Config (agents.defaults.compaction.memoryFlush):

enabled (default: true)
softThresholdTokens (default: 4000)
prompt (user message for the flush turn)
systemPrompt (extra system prompt appended for the flush turn)

Notes:

The default prompt/system prompt include a NO_REPLY hint to suppress delivery.
The flush runs once per compaction cycle (tracked in sessions.json).
The flush runs only for embedded Pi sessions (CLI backends skip it).
The flush is skipped when the session workspace is read-only (workspaceAccess: "ro" or "none").
See Memory for the workspace file layout and write patterns.

Pi also exposes a session_before_compact hook in the extension API, but CoderClaw’s flush logic lives on the Gateway side today.

Troubleshooting checklist

Session key wrong?

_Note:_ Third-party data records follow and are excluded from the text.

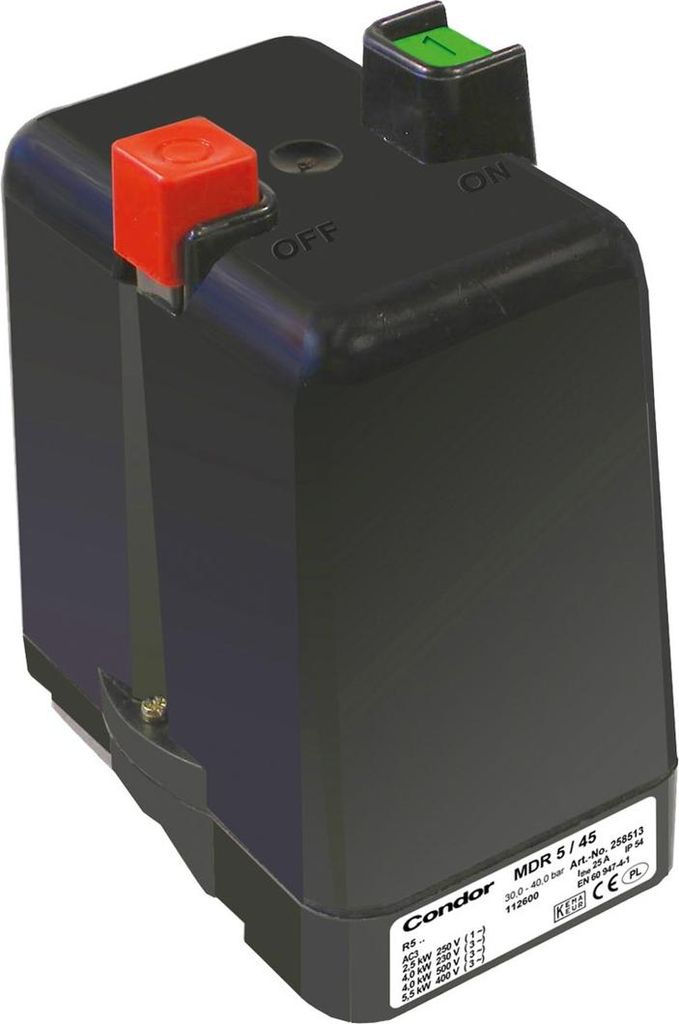 ELMAG Druckschalter CONDOR, MDR 5/16 K, 400 Volt (ACHTUNG: ohne Motorschutzrelais und Entlastungsventil)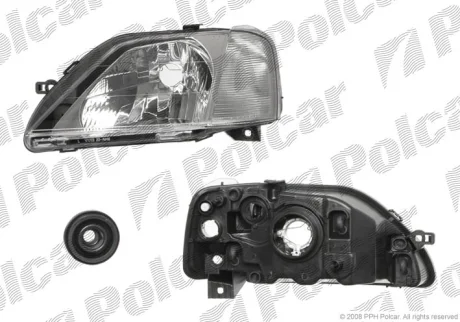 Фара основная | DACIA LOGAN, -09 Polcar 2800102E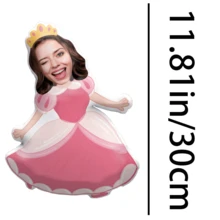 个性化肖像定制趣味抱枕，沙发装饰靠垫 - 美丽的公主造型，创意礼物，适合周年纪念日、生日、情人节、母亲节 - 定制人脸设计抱枕，亲爱的睡眠伴侣枕。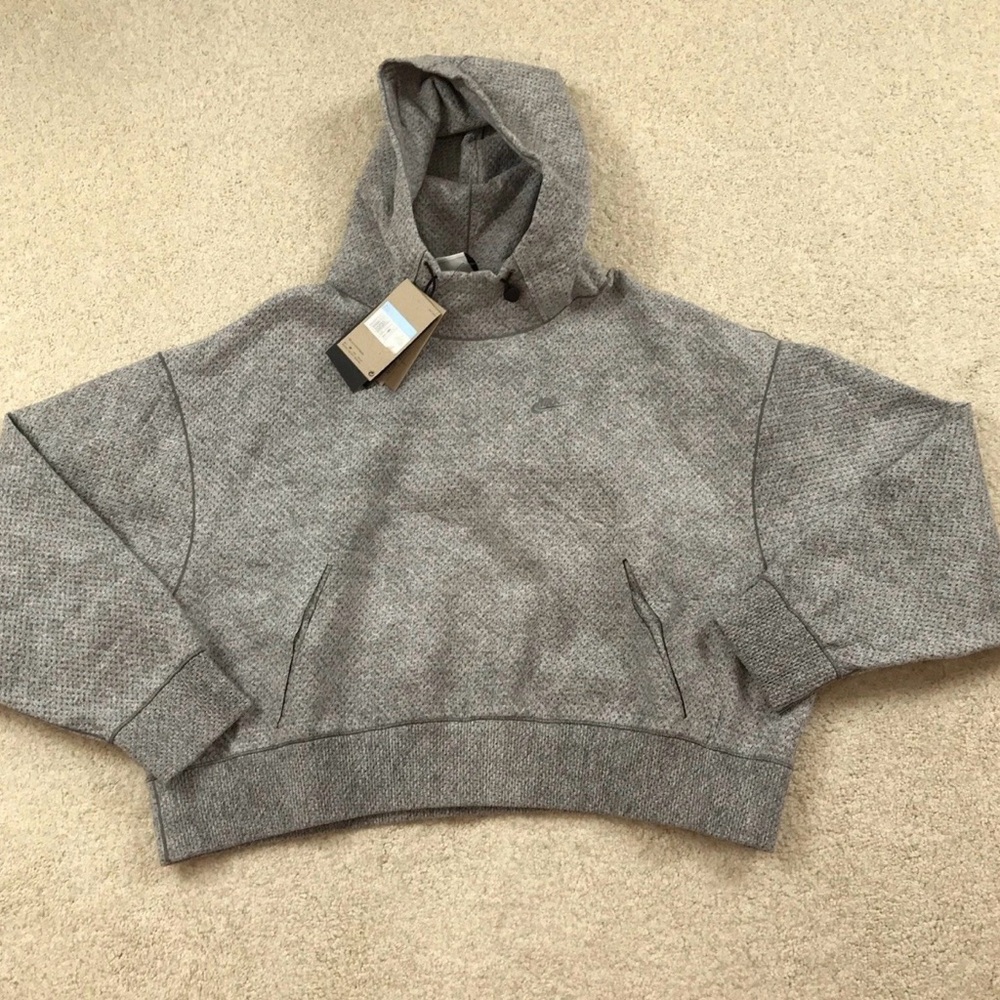 Nike Forward Hoodie Womens Medium Tech Pack Therma-FIT ADV FN0296 077 Oversized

Start with /concepts/session and confirm the sessionKey in /status.
Store vs transcript mismatch? Confirm the Gateway host and the store path from coderclaw status.
Compaction spam? Check:
- model context window (too small)
- compaction settings (reserveTokens too high for the model window can cause earlier compaction)
- tool-result bloat: enable/tune session pruning
Silent turns leaking? Confirm the reply starts with NO_REPLY (exact token) and you’re on a build that includes the streaming suppression fix.